Guide: libc FILE struct

Now, we will take a short look at how the file descriptors are handled in libc. The Software Stack chapter has taught us that applications generally interact with libraries which expose wrappers on top of syscalls. The most important library in a POSIX system (such as Linux) is libc. Among many others, it provides higher-level abstractions over I/O-related syscalls.

Musl (read just like “muscle”) is a lightweight implementation of libc, which exposes the same API that you have used so far, while also being fit for embedded and OS development. For example, Unikraft unikernels may use musl.

First, it provides a struct that groups together multiple data that is necessary when handling files. We know from the example in support/simple-file-operations/file_operations.c that the file handler employed by libc is FILE *. FILE is just a typedef for struct _IO_FILE. Here are the most important fields in struct _IO_FILE:

struct _IO_FILE {
    int fd;         /* File descriptor */

    unsigned flags; /* Flags with which `open()` was called */

    int mode;       /* File permissions; passed to `open()` */

    off_t off;      /* File offset from where to read / write */

    /**
     * Internal buffer used to make fewer costly `read()`/`write()`
     * syscalls.
     */
    unsigned char *buf;
    size_t buf_size;

    /* Pointers for reading and writing from/to the buffer defined above. */
    unsigned char *rpos, *rend;
    unsigned char *wend, *wpos;

    /* Function pointers to syscall wrappers. */
    size_t (*read)(FILE *, unsigned char *, size_t);
    size_t (*write)(FILE *, const unsigned char *, size_t);
    off_t (*seek)(FILE *, off_t, int);
    int (*close)(FILE *);

    /* Lock for concurrent file access. */
    volatile int lock;
};

As you might have imagined, this structure contains the underlying file descriptor, the mode (read, write, truncate etc.) with which the file was opened, as well as the offset within the file from which the next read / write will start.
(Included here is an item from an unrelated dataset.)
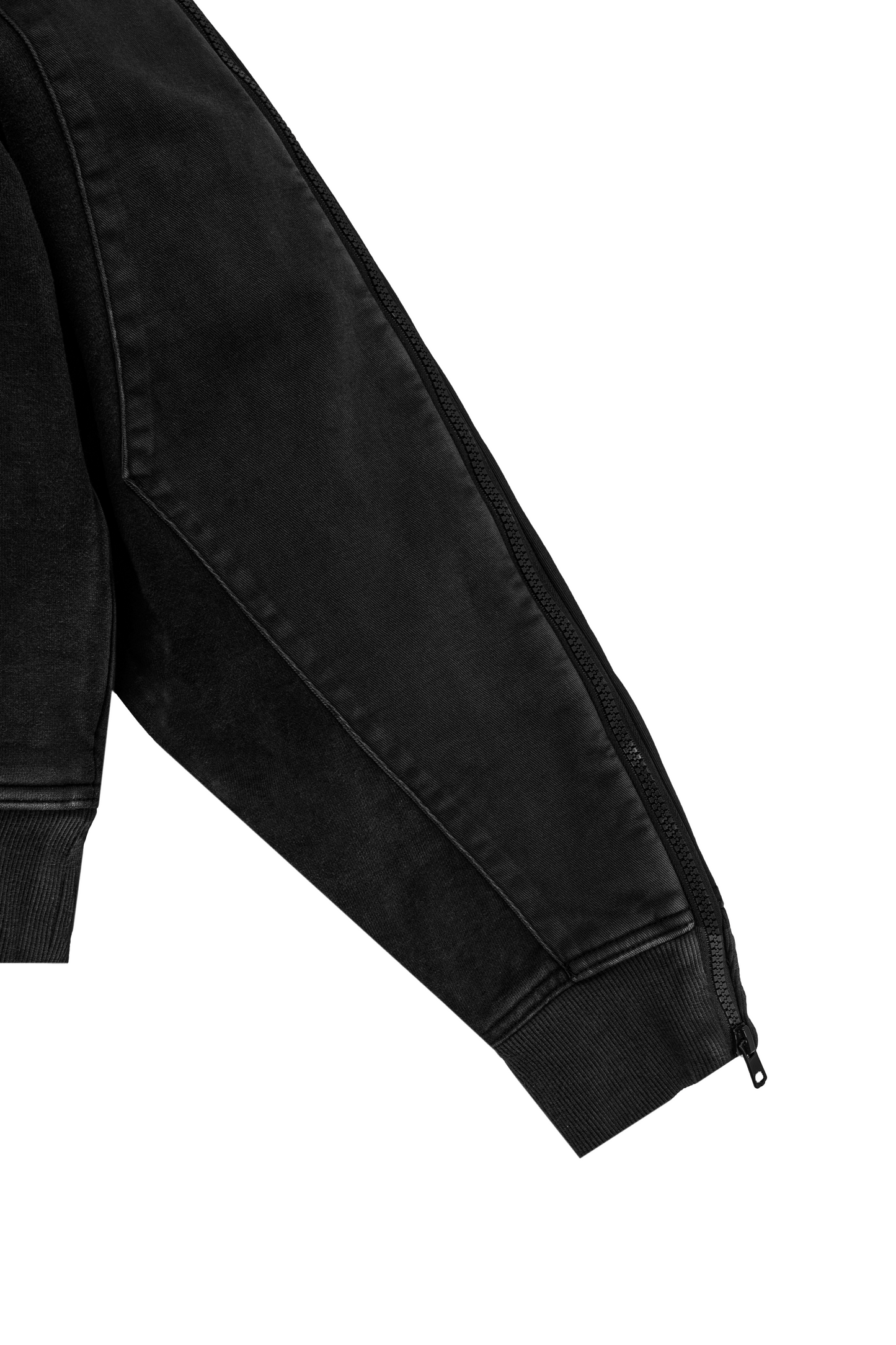 KP2144 Pilot Hoodie-ONYX BLACK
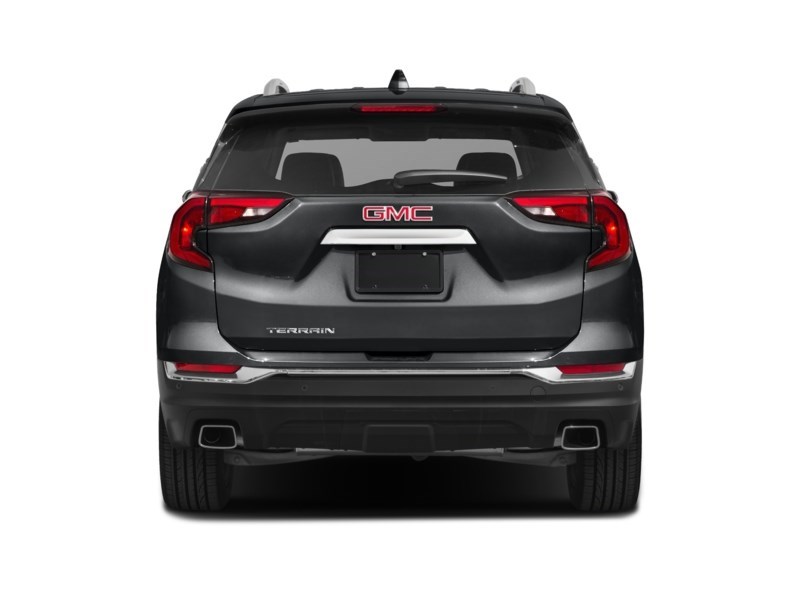 2018 GMC Terrain AWD 4dr SLT Diesel Exterior Shot 8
Libc also defines its own wrappers over commonly-used syscalls, such as read(), write(), close() and lseek(). These syscalls themselves need to be implemented by the driver for each file system. This is done by writing the required functions for each syscall and then populating this structure with pointers to them. You will recognise quite a few syscalls: open(), close() read(), write(), mmap() etc.

printf() Buffering

1. Navigate to buffering/support/printf_buffering.c. Those printf() calls obviously end up calling write() at some point. Run the code under strace.

   Quiz: What syscall does printf use?

   Since there is only one write() syscall despite multiple calls to printf(), it means that the strings given to printf() as arguments are kept somewhere until the syscall is made. That somewhere is precisely that buffer inside struct _IO_FILE that we highlighted above. Remember that syscalls cause the system to change from user mode to kernel mode, which is time-consuming. Instead of performing one write() syscall per call to printf(), it is more efficient to copy the string passed to printf() to an internal buffer inside libc (the unsigned char *buf from above) and then at a given time (like when the buffer is full for example) write() the whole buffer. This results in far fewer write() syscalls.

2. Now, it is interesting to see how we can force libc to dump that internal buffer. The most direct way is by using the fflush() library call, which is made for this exact purpose. But we can be more subtle. Add a \n in some of the strings printed in buffering/support/printf_buffering.c. Place them wherever you want (at the beginning, at the end, in the middle). Recompile the code and observe its change in behaviour under strace.

   Quiz: How to get data out of printf’s buffer?

   Now we know that I/O buffering does happen within libc. If you need further convincing, check out the Musl implementation of fread(), for example. It first copies the data previously saved in the internal buffer:

   if (f->rpos != f->rend) {
       /* First exhaust the buffer. */
       k = MIN(f->rend - f->rpos, l);
       memcpy(dest, f->rpos, k);
       f->rpos += k;
       dest += k;
       l -= k;
   }
   

   Then, if more data is requested and the internal buffer isn’t full, it refills it using the internal read() wrapper. This wrapper also places the data inside the destination buffer.